Event Schedule

Schedule Template | CodyHouse
TBA

Automated Machine Learning

In recent years, machine learning applications have increasingly caught the attention of industry worldwide. Machine learning automation (autoML) comes to optimize existing processes in this area and make all stages of development more agile and productive. In this talk we will cover the challenges behind this automation and the trends for the future.

Level

Intermediate

Text Classification with Deep Learning

Review of the state-of-the-art machine learning models for text classification, plus a detailed case study of the most recent transformer-based models and transfer learning examples.

Level

Intermediate

Real-World Reinforcement Learning: challenges and opportunities

Reinforcement Learning has had impressive results in the last 5 years in very complex domains. However, they were mostly restricted to games (Atari, Go, Chess, DOTA, Starcraft), where the algorithms can have billions of interactions with the simulated world before performing well. We will explain why things are harder in the real world, where sample complexity, safety, robustness and other factors are very important. We will conclude by pointing to the current most promising research directions to bridge that gap.

Level

Beginner

Better than Deep Learning: Gradient Boosting Machines (GBM)

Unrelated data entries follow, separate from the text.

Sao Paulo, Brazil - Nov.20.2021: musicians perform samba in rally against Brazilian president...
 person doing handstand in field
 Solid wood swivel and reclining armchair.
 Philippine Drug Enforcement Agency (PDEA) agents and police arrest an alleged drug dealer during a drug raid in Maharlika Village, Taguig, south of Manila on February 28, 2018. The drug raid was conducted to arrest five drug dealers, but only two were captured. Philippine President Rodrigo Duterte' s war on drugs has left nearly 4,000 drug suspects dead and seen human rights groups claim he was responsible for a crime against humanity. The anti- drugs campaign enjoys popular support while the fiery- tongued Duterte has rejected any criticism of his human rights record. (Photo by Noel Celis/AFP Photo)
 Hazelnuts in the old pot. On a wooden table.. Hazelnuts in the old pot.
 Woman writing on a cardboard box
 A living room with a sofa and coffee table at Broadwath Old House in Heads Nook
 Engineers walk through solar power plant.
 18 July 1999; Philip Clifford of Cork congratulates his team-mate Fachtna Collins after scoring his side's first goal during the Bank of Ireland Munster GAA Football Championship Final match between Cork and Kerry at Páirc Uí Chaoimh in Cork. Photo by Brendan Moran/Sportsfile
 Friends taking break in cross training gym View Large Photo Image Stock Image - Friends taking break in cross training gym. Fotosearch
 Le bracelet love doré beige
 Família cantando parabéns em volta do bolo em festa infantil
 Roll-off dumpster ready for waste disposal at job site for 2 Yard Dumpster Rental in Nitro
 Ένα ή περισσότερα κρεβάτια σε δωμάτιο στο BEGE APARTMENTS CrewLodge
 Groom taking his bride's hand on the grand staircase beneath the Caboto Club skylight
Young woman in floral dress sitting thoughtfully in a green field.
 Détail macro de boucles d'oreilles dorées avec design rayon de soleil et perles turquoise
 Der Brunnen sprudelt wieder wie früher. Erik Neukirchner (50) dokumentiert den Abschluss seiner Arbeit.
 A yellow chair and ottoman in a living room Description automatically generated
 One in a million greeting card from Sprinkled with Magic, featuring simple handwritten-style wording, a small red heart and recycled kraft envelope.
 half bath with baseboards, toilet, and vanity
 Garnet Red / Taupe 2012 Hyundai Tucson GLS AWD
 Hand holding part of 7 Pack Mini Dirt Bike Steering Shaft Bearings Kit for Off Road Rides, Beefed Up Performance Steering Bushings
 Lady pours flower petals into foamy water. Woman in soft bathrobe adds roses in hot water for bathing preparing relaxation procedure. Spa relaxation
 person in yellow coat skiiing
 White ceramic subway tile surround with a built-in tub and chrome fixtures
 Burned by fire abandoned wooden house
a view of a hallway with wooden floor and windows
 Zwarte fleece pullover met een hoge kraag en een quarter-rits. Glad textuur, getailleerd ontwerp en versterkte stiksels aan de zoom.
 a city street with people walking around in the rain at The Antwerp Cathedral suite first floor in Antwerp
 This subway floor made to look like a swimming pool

With all the hype about deep learning and "AI", it is not well publicized that for structured/tabular data widely encountered in business applications it is actually another machine learning algorithm, the gradient boosting machine (GBM) that most often achieves the highest accuracy in supervised learning/prediction tasks. In this talk we'll review some of the main open source GBM implementations such as xgboost, h2o, lightgbm, catboost, Spark MLlib (all of them available from R and Python) and we'll discuss some of their main features and characteristics (such as training speed, memory footprint, scalability to multiple CPU cores and in a distributed setting, prediction speed, characteristics of the GPU implementations etc). This will provide the audience with some guidance on which implementations are worth considering depending on their use case.

Level

Intermediate

Data Science in a traditional fashion retailer - Exploring Demand Forecasting

Demand forecasting is key for the retailing industry. This is especially true in the fashion industry where product demand is volatile and the life cycle is short. In this talk I will describe the Demand Forecasting Problem in the context of a brick-and-mortar retailer. I will discuss commonly used techniques, including evaluation metrics, feature and target transformations and commonly used predictors. Finally, I will conclude with a short discussion on the challenges of successfully implementing a demand forecasting solution beyond the technical details.

Level

Beginner

What can data scientists learn from journalism?

This talk is about how best practice in visualisation and communication from the data journalism field might be applicable to data scientists wanting to broaden the audience for their research.

Level

Intermediate

Information Visualization — what, when & how?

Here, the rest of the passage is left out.